In both business and personal affairs, it’s scientifically proven that setting clear and actionable goals increases your chances of growing or making meaningful change. But what does that really mean? Remember, it doesn’t have to be New Year’s Eve to make a change or decide to do something in your business (or your life) differently. The best time to set and assess your goals and milestones is right now.
The reality is, most people’s New Year’s resolutions are completely out the window before the end of January, which warrants the question: What is going wrong? Why aren’t people following through on their resolutions? What can that tell us about how to set better goals all year long?
Don’t set unrealistic goals
There are many reasons people don’t stick to their goals. But the main reason is that people simply set the bar too high. Resolutions like “lose 50 pounds in two weeks” are unattainable, and people give up on their goal completely when results aren’t showing fast enough.
In business, this is similar to earning $10K one year and expecting to have a 1,000 percent increase in revenue, when in reality there will probably only be a 10 to 15 percent increase (if nothing exponential has changed in your business). You need to create realistic expectations for yourself and your business.
Focus on SMART, high-reaching goals
Although it’s unrealistic to set such high expectations initially, it’s not unwise to have lofty goals. Having an array of goals, ranging from ones that are achievable, likely, and possible, is great when thinking about the future.
The “achievable” goals would be ones that can be completed in the near future, “likely” being ones that could be accomplished in the near future depending on certain factors, and “possible” goals being a little more far-fetched but could eventually happen if you or your business reach a certain point.
Stop focusing on outliers, and instead use your own trends, benchmarks, and industry standards to set goals that are both achievable and push you to new heights.
How? Make sure your goals are SMART:
Here’s how to get started.
Write down your goals
In most articles about goal setting, writing down your goals is a constant.
Having a list of goals on your mobile phone, computer, or tablet may seem easier, as the list can be accessed on any of your devices, but it also makes it less visible. Keeping a list on a Google doc or in your “Notes” is not a tangible item that you can hold in your hand and check-off when necessary.
Having a concrete list may seem like a minor factor in order to complete your goals, but according to the Goal Band Success System, “people with written goals are 50 percent more likely to achieve than people without goals.” They also note that out of every 100 adults, only three actually write their goals out on paper.
It takes maybe ten minutes to write down a list, and carrying a piece of paper or notebook with you is hardly a challenge. If your office has a whiteboard, that’s another great way to keep track of your goals. Keeping a list of goals in your workspace that’s visible to your whole team is a great way to keep people aware and accountable.
Here’s a great example from this Crossfit blog:
While this specific example is not terribly organized, it represents an idea that can be easily implemented into any office or lifestyle. One way to adapt this method into your office is to write down goals for each week on Monday, and have everyone complete their individual task by Friday or the following week.

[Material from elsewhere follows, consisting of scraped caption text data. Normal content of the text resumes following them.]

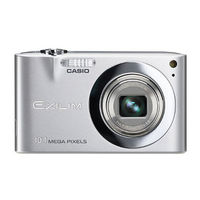 Casio EX-Z100BN - EXILIM ZOOM Digital Camera User Manual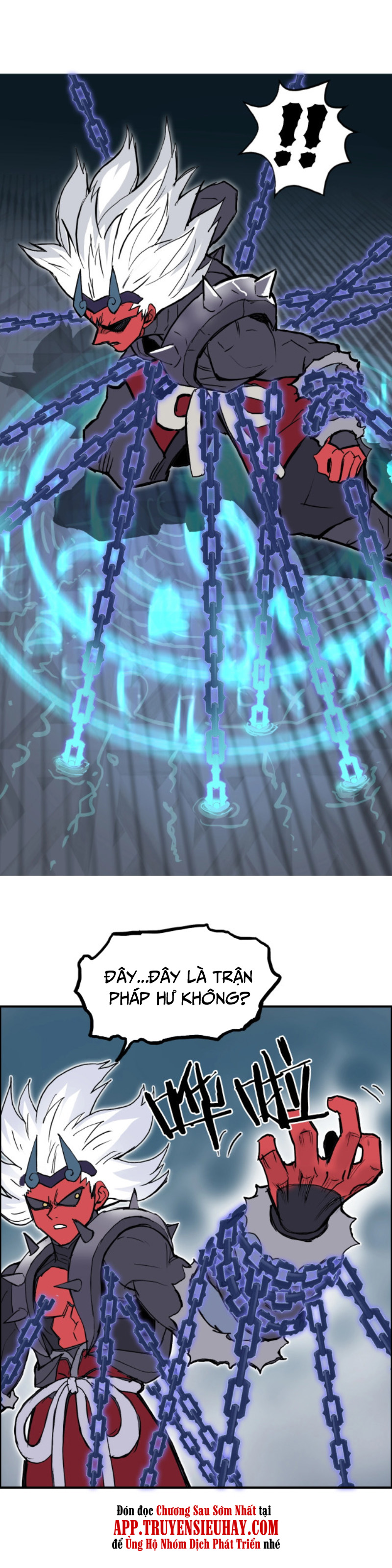 Siêu Năng Lập Phương chapter 241 - Trang 20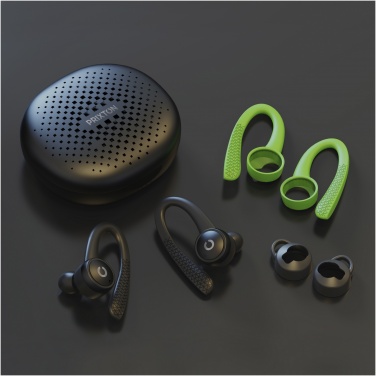 Лого трейд pекламные cувениры фото: Prixton TWS160S sport Bluetooth® 5.0 спортивные наушники
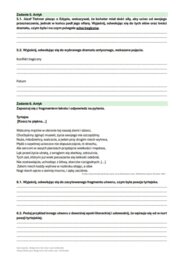 Epokownik maturalny - zestaw zadań do matury pisemnej z języka polskiego,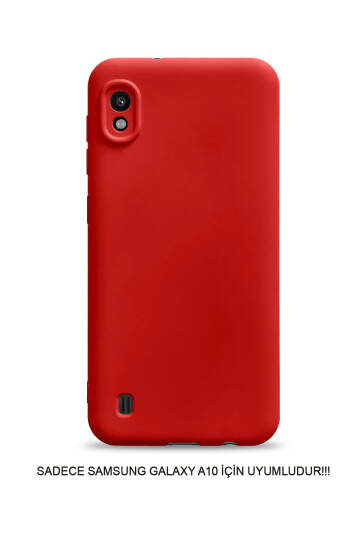 Samsung Galaxy A10 Uyumlu Kamera Korumalı Darbeye Dayanıklı Renk Atmayan Fab Silikon Kılıf - 6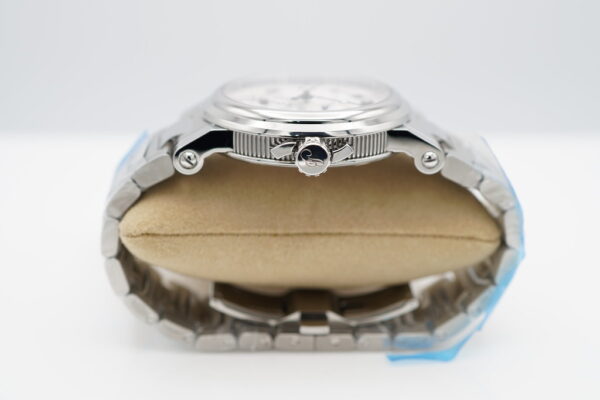BRAND NEW BREGUET MARINE GMT 5857 DUAL TIME STAINLESS STEEL BRACELET 2023 FULL SET - Image 3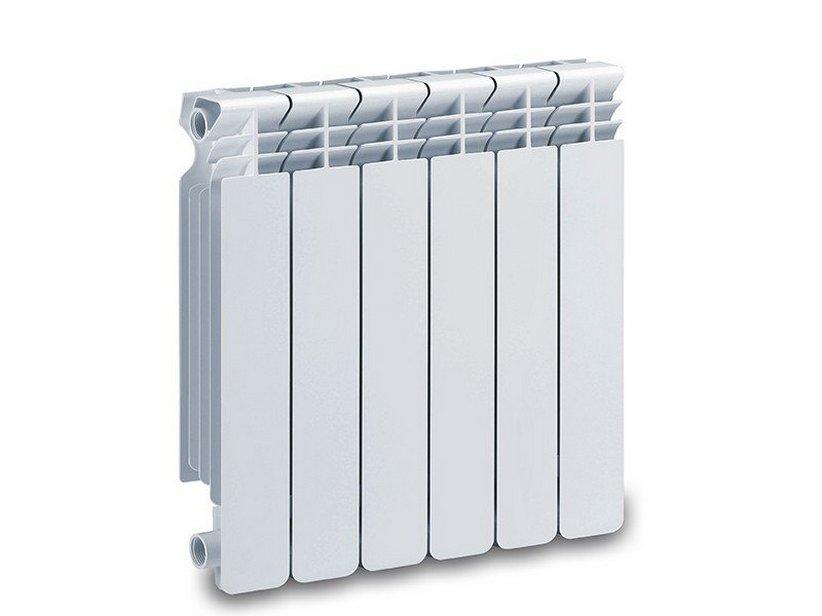 Radiateur aluminium tubulaire Helyos Evo 6 éléments 888,60W | IperCeramica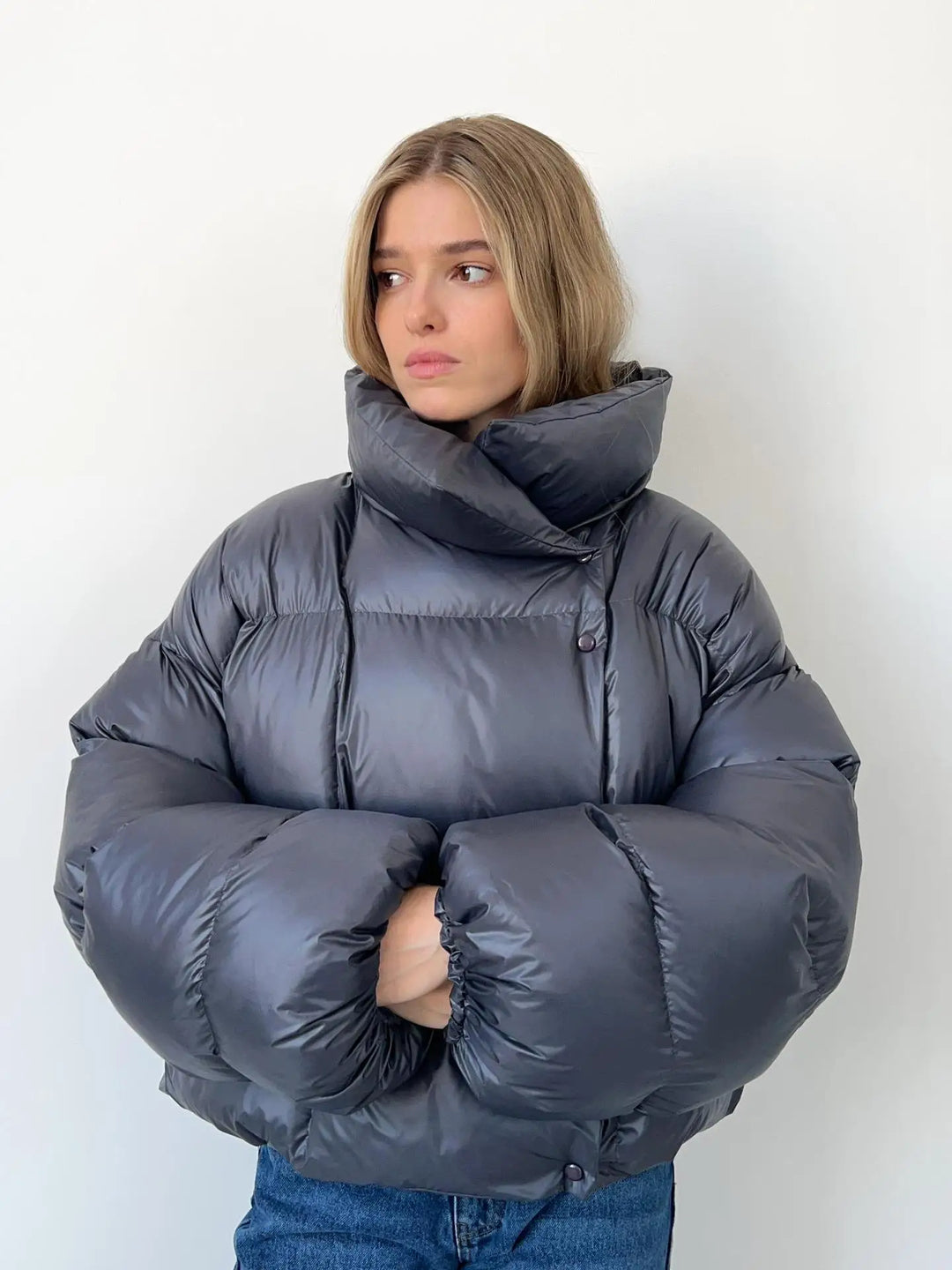 Jacqui | Oversized Puffer Jacket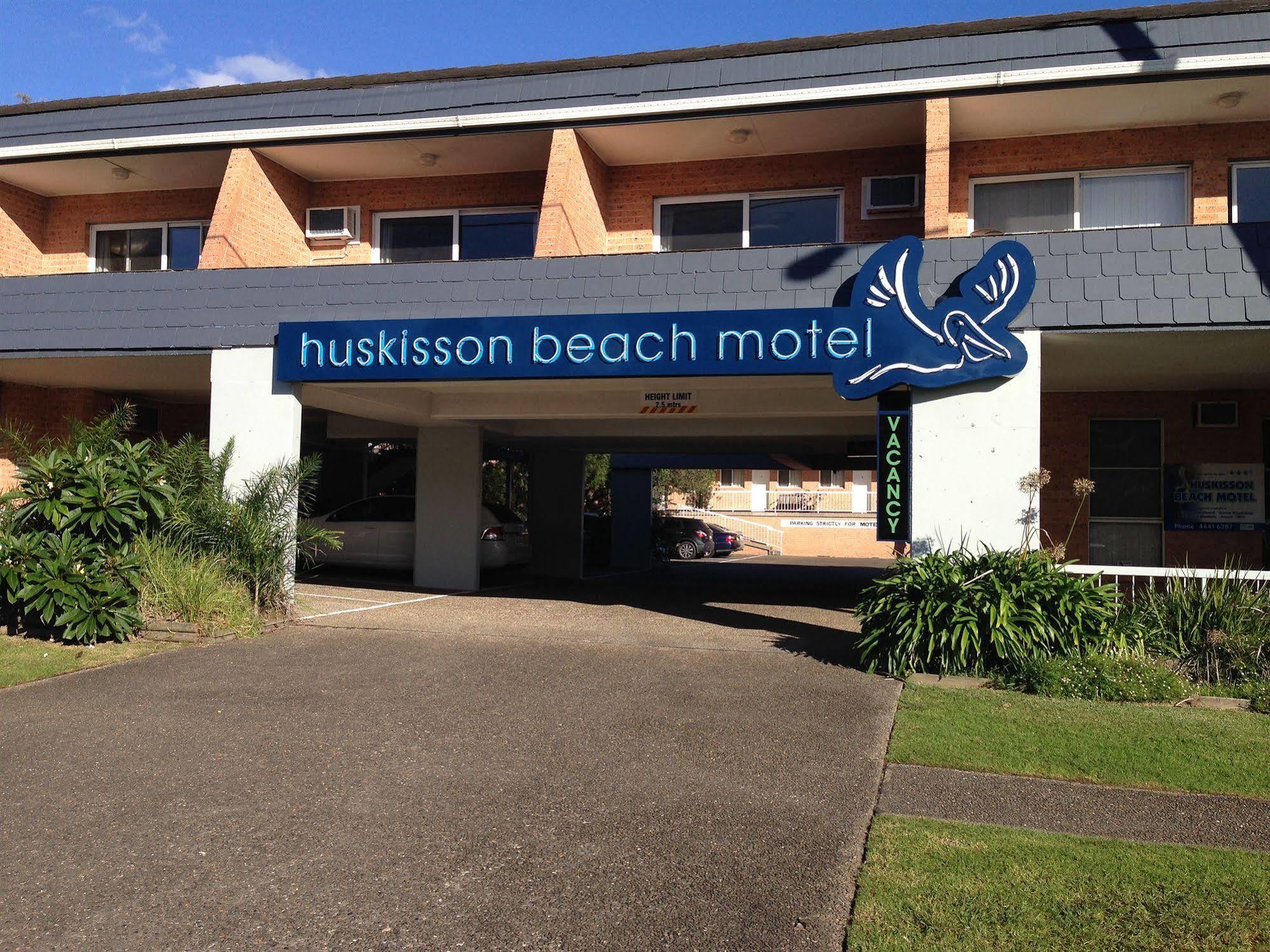 Huskisson Beach Motel Exterior foto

If you need more convincing, check out this Forbes article for reasons why you should write out your goals.
Visualize your goals with a vision board
Creating a vision board is another great way to help accomplish your goals. Having a visual representation of all of your goals can help inspire you and allow you to tweak your vision along the way.
For the same reason writing down is effective when trying to complete goals, vision boards use the power of visualization to help inspire and motivate. Having one of these boards in your home or workplace is the perfect way to set the bar for you and your team. It doesn’t have to be specifically work-related, but rather represent the attitude and quality of work you want to ultimately achieve.
According to this Huffington Post article, “Olympic athletes have been using [vision boards] for decades to improve performance, and Psychology Today reported that the brain patterns activated when a weightlifter lifts heavy weights are also similarly activated when the lifter just imagined (visualized) lifting weights.”
Here’s an example of what a possible vision board could look like:
Break your goals into mini-steps
So many people try to make huge goals that seem daunting when you try to approach them. Instead, try to compile a list that works to complete one major goal, such as acquiring 50 new customers. You can’t just immediately accomplish this goal in one step—there are several smaller steps you have to complete first. Making “acquire 50 customers” its own list will make it seem more achievable, and also helps you see the progress you are making.
Another important aspect of creating “mini-steps” is setting a complete-by date. If you don’t hold yourself accountable, who’s to say you won’t just push back each step, never completing your goals? Keeping a planner or scheduling reminders on your phone to ensure you accomplish each step is important.
Each step you complete should also be rewarded somehow. Rewarding yourself will give you more motivation and determination to reach your final goal. Dennis Gray of Accurid Pest Solutions says, “I try to reward myself quarterly if helps me avoid burnout and reflect on all I’ve accomplished or learned in the past 90 days.”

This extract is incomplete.